I would also like to acknowledge my two assistant supervisors, Dr. Mats Westin
(Deputy Centre manager, SP Trä) and Lars Stigsson (CEO, KIRAM AB) for
their expert knowledge, competence and constructive feedback. Lars: a special
thanks for allowing me to be a part of this project.
The CelluNova project, a part of the EcoBuild Excellence Centre, SSF,
Vinnova and KK-stiftelsen are acknowledged for their financial support.
My gratitude goes to the participants of the CelluNova project for keeping the
project running and extremely interesting throughout all our meetings and
collaborations, as well as for assisting me with the necessary analyses and
materials. You all are thanked for taking an interest in this project.
I am most thankful to all of my co-authors for being part of this thesis,
especially Dr. Bruno Medronho.
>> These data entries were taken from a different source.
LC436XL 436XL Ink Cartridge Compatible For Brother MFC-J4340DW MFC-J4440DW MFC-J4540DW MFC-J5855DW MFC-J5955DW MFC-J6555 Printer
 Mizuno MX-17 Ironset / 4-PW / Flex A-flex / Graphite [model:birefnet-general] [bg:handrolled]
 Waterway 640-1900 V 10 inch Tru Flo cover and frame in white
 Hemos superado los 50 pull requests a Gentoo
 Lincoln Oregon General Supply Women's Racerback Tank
Bruno: you are thanked not only for your
skillful knowledge in this field and your help in my research through
collaboration and inputs, but mostly for the new friendship that we established.
To all my friends and colleagues at Karlstad University whom I met during my
time as a Ph.D. student: I am sincerely grateful for all your help, the many
fertile discussions that we had and, not least, for bringing joy to my work every
day.
Finally, I wish to express my gratitude to my lovely Anna and family for all your
love and support. I am truly honored having all of you by my side.